The Russian Prison Service tells Navalny to appear or go to jail

Russia’s Federal Penitentiary Service has given Kremlin’s top critic Alexei Navalny one day to report to the office or he could face jail time

MOSCOW – Russia’s federal penitentiary service gave top Kremlin critic Alexei Navalny one day on Monday to report to his office, otherwise he would face jail time if he returned to Russia after the deadline.

The federal correctional service issued a statement on Monday saying that an article by doctors from Charite Hospital in Berlin and published in the medical journal The Lancet indicates that Navalny has made a full recovery.

The prison service demanded that Navalny report to his office in accordance with the terms of a 3 1/2 year suspended sentence he was given for a 2014 conviction. If he misses the deadline, he could be incarcerated, the statement said.

Navalny’s lawyer, Vadim Kobzev, tweeted that the agency had told the politician to show up at his office Tuesday morning. Navalny, who previously said he intended to return to Russia once he made a full recovery, scoffed at the demand, saying that the Federal Penal Service’s reference to the Lancet article amounted to the government accepting that he was poisoned. used to be.

“That means the state has officially recognized the poisoning,” he tweeted. “And where is the criminal case then?”

Russian authorities have insisted that doctors treating Navalny in Siberia before he was flown to Germany found no trace of poison and challenged German officials to provide evidence of his poisoning. They declined to open a full criminal investigation, citing the lack of evidence that Navalny had been poisoned.

The European Union imposed sanctions on six Russian officials and a state investigation institute after tests by the Organization for the Prohibition of Chemical Weapons concluded that Navalny had been exposed to Novichok. Russia has hit back with its own sanctions against EU officials.

Last week, Navalny released the recording of a phone call he made to a man he described as an alleged member of a group of Federal Security Service, or FSB officers, who supposedly poisoned him in August and then tried to hide it. up.
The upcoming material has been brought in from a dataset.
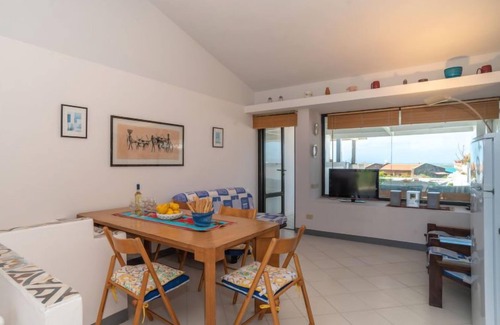 Stintino House | Pet-Friendly Sa Casitta with Ocean View & Spa Amenities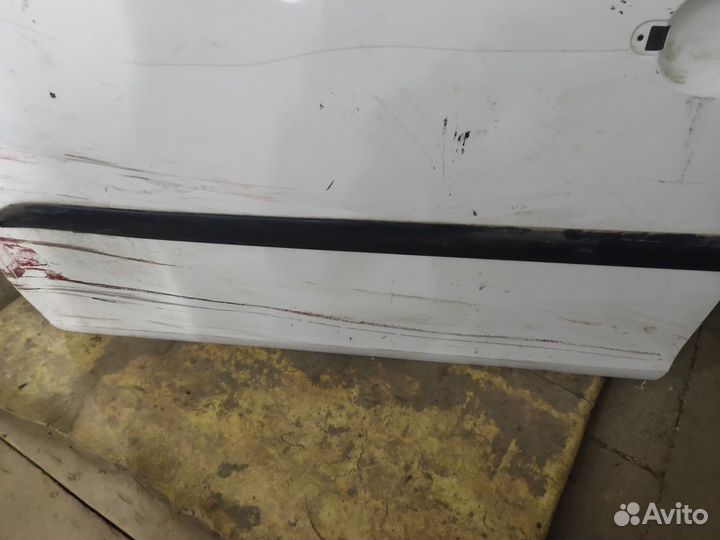 Skoda Yetti дверь передняя левая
Navalny called hours before the Bellingcat research group released a report claiming that FSB agents with specialized training in chemical weapons followed him for years and were close by when he was poisoned.

In the call, Navalny introduced himself as a security officer and enticed his interlocutor to share details of the alleged poisoning operation and acknowledge that he was involved in “processing” Navalny’s underwear so that “there would be no traces” of poison.

The FSB rejected the recording released by Navalny as a fake.